Determine Altitude from Constant Speed and Acceleration of Satellite S

[KillerZ]

Homework Statement

The satellite S travels around the Earth in a circular path with a constant speed of 20 Mm/h. If the acceleration is 2.5m/s², determine the altitude h. Assume the Earth's diameter to be 12 713 km.

Homework Equations

$$a_{n}= \frac{v^{2}}{\rho}$$

The Attempt at a Solution

I thought that $$a_{t}= 0$$ because speed is constant and $$a_{n}= 20 Mm/h$$ and I just solved the above equation for $$\rho$$ but that came out to a negative number so that's not right.

 

[Andrew Mason]

Homework Statement

The satellite S travels around the Earth in a circular path with a constant speed of 20 Mm/h. If the acceleration is 2.5m/s², determine the altitude h. Assume the Earth's diameter to be 12 713 km.

Homework Equations

$$a_{n}= \frac{v^{2}}{\rho}$$

The Attempt at a Solution

I thought that $$a_{t}= 0$$ because speed is constant and $$a_{n}= 20 Mm/h$$ and I just solved the above equation for $$\rho$$ but that came out to a negative number so that's not right.
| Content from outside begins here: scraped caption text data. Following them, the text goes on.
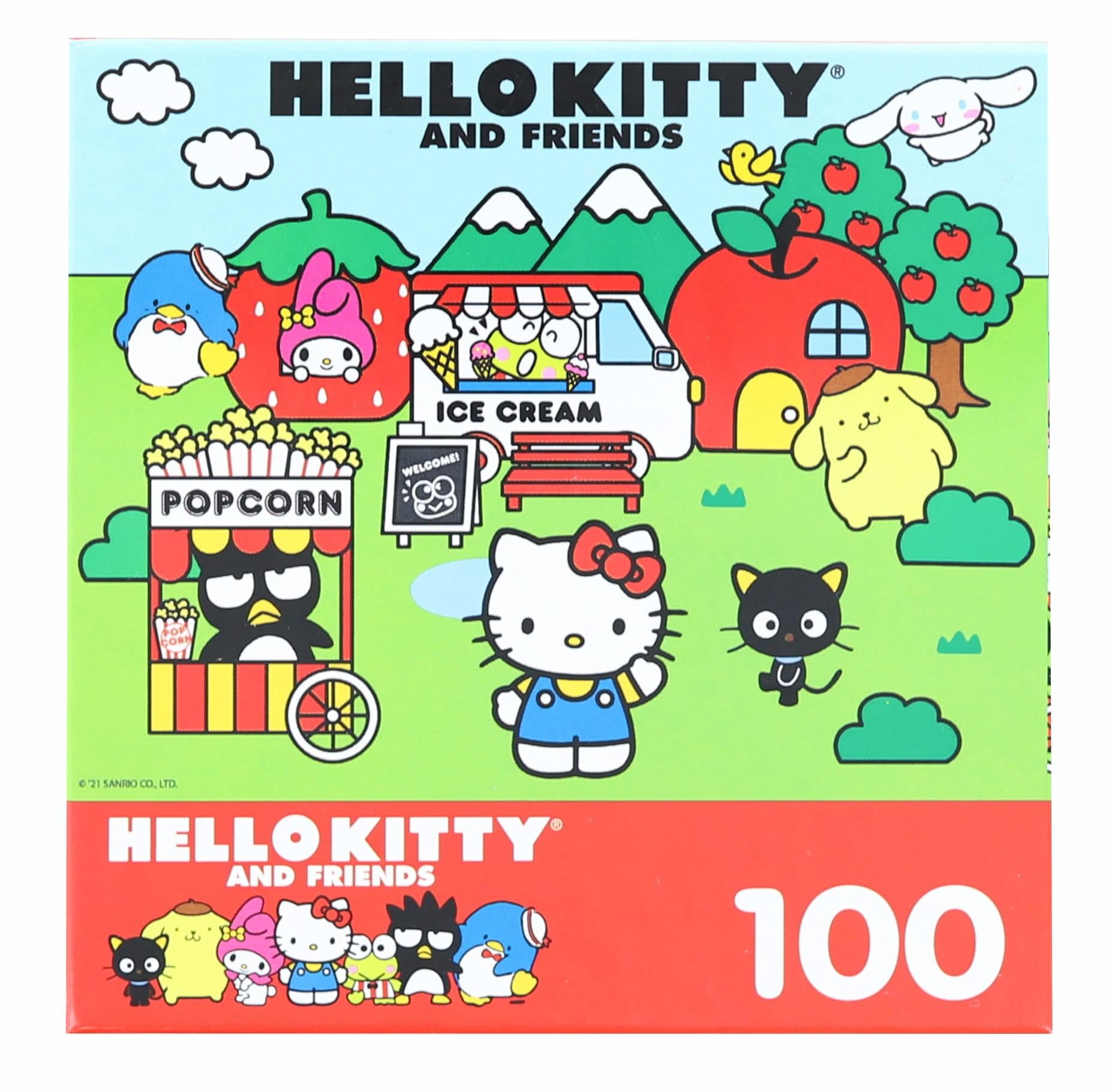 Hello Kitty 100 Piece Jigsaw Puzzle , Hello Kitty And Friends Park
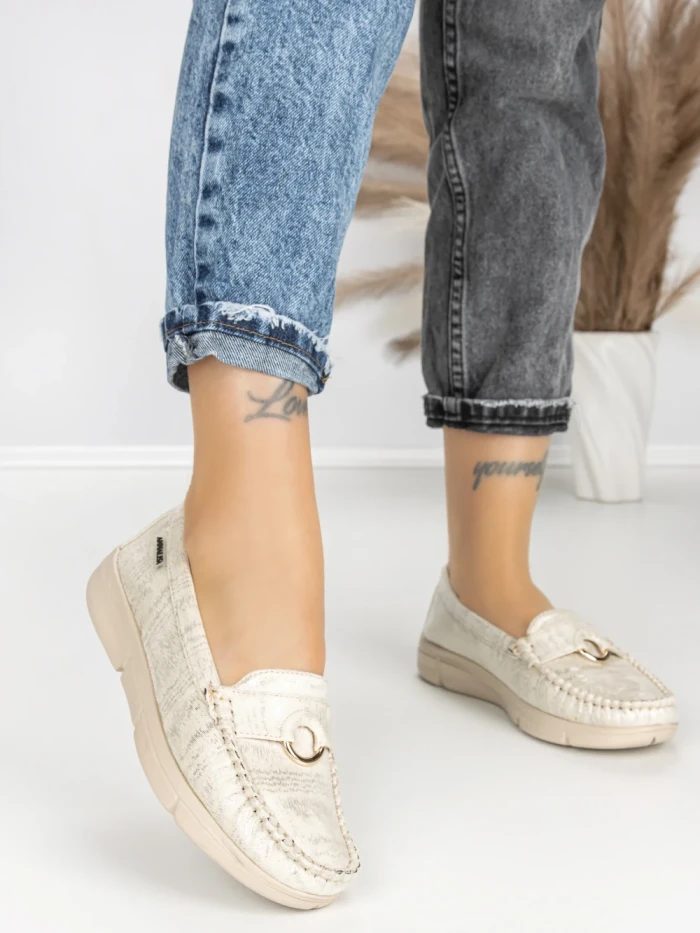 Pantofi Casual Dama JM859 BEZI | ANNALISE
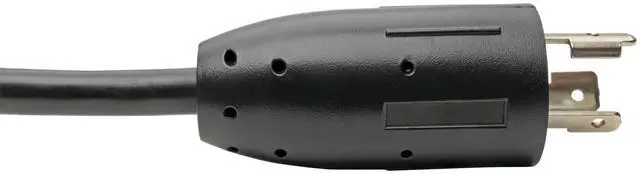 Alt view image 15 of 16 - Tripp Lite Model P046-015-LL 15 ft. Heavy-Duty Power Extension Cord, 20A, 12AWG (NEMA L5-20P to NEMA L5-20R), Locking Connectors, 15 ft.Female to Male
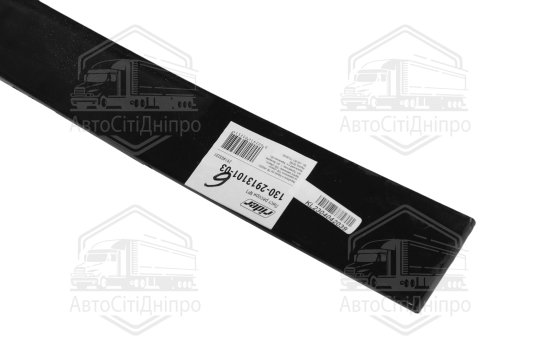 Лист ресори №1 задн. дод. ЗІЛ 130 75Х10мм 7-лист. (RIDER)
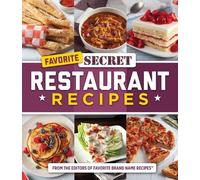 Publications International Ltd Favorite Br Favorite Secret Re (Copertina rigida)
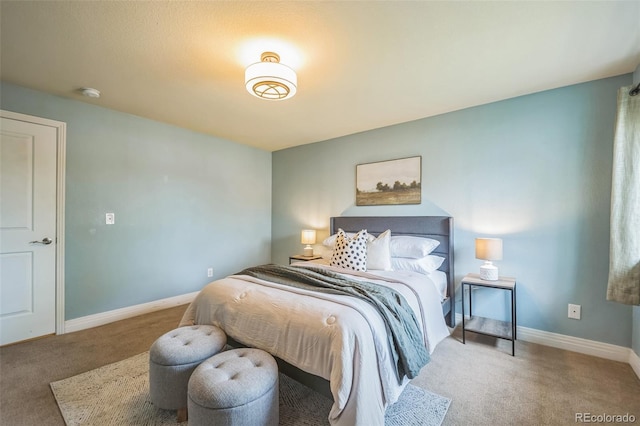2539 N York St, Denver, CO 80205 - bedroom featuring carpet floors and baseboards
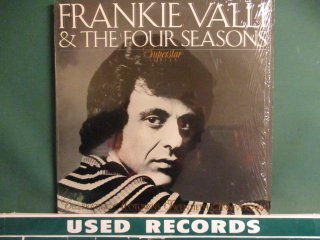 Frankie Valli & The Four Seasons  Motown Superstar Series LP
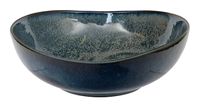 Tokyo Design Studio - Cobalt Blue - Ovale Kom - 16.9 x 16.5 x 6cm 450ml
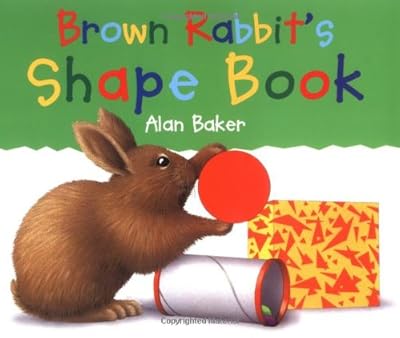 Brown Rabbit's Shape Book (Little Rabbit Books)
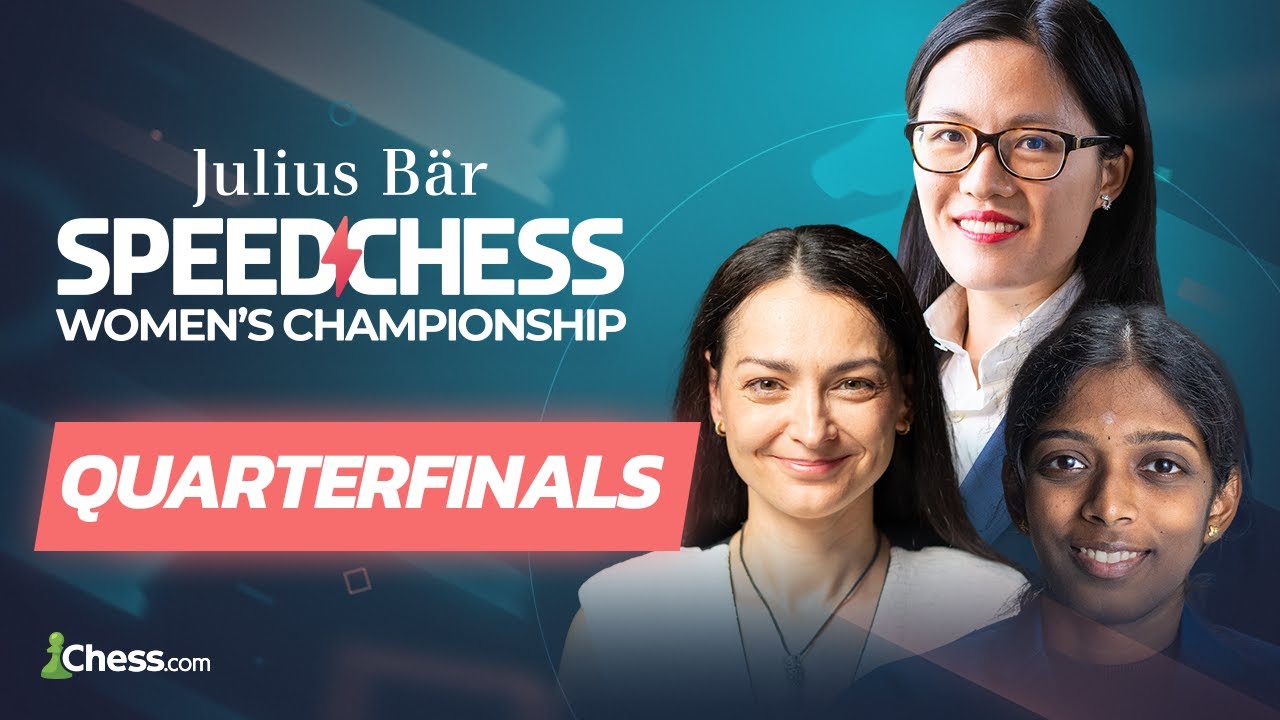 Julius Baer WSCC: Alexandra Kosteniuk vs. Vaishali In Quarterfinals!!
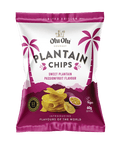 Limited Edition Plantain Chips Sweet Plantain Passionfruit Flavour 60g
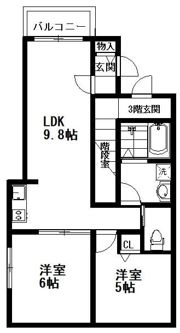 HOUS FRIEDEの間取り画像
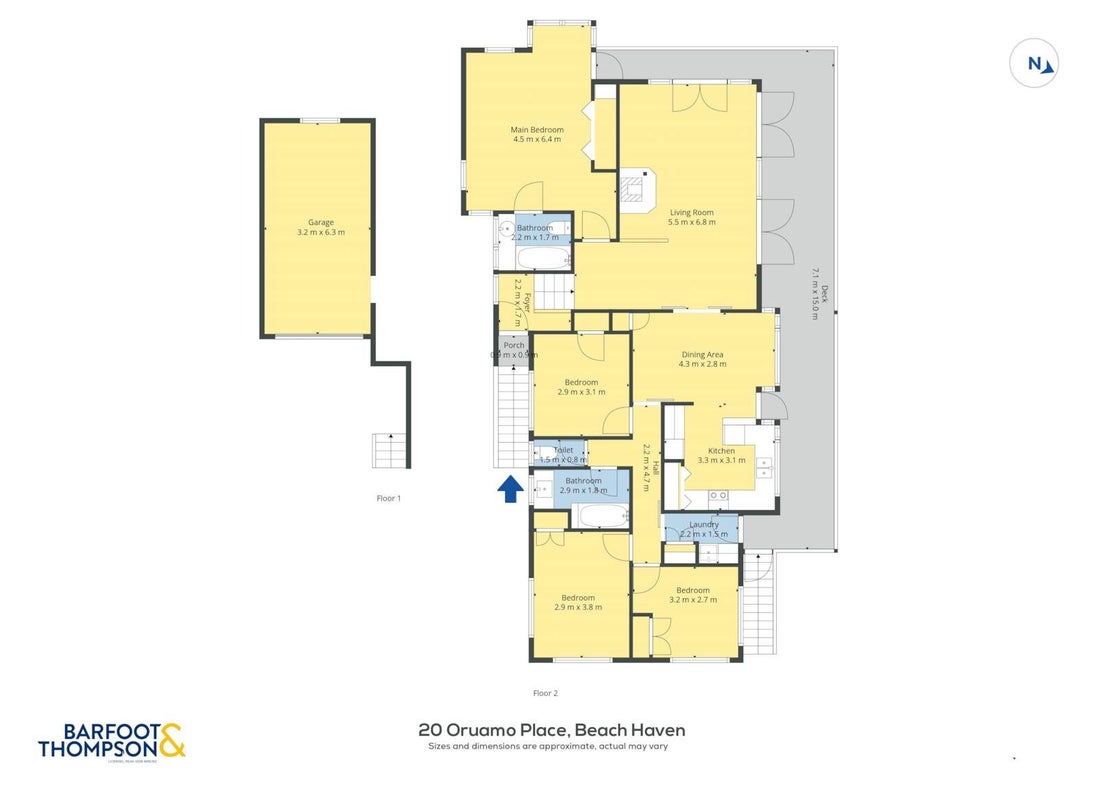 20 Oruamo Place, Beach Haven, Auckland - Carousel 34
Why are you using the tangential speed as the acceleration? The acceleration is, as you have stated, $a = v^2/r$. But there is another expression for a as well, since the acceleration is provided by ...? Write the equation for that acceleration. With those two equations you should be able to solve for the two unknowns, a and r.

AM

 

[KillerZ]

Ops that was a typo. I meant $$a_{n}= 2.5 m/s^{2}$$

 

[Andrew Mason]

Ops that was a typo. I meant $$a_{n}= 2.5 m/s^{2}$$

Ok. I misread the question too. You are given the acceleration. What units must v have in your equation $a_n = v^2/r$?

AM

 

[KillerZ]

v should be m/s I think. Which I calculated 20 Mm/h = 5555.556 m/s

 

[Andrew Mason]

v should be m/s I think. Which I calculated 20 Mm/h = 5555.556 m/s

So what is r? How is r related to h?

AM

 

[KillerZ]

I am assuming r would be to the center of the Earth and h is r - the Earth's radius.

 

[KillerZ]

Ok I think I got this:

$$v = 20 Mm/h = 5555.6 m/s$$

$$a_{n} = 2.5 m/s^{2}$$

$$a_{n}= \frac{v^{2}}{\rho}$$

$$\rho= \frac{v^{2}}{a_{n}}$$

$$\rho= \frac{5555.6}{2.5} = 12345679.01 m$$


$$h = \rho - Earth's radius = 12345679.01 - 6356500 = 5989179.01 = 5989.18 km$$

 

[rock.freak667]

that looks better now, I think you were getting a negative number because you were subtracting the diameter instead of the radius.

 

[KillerZ]

Ya that's what I was doing.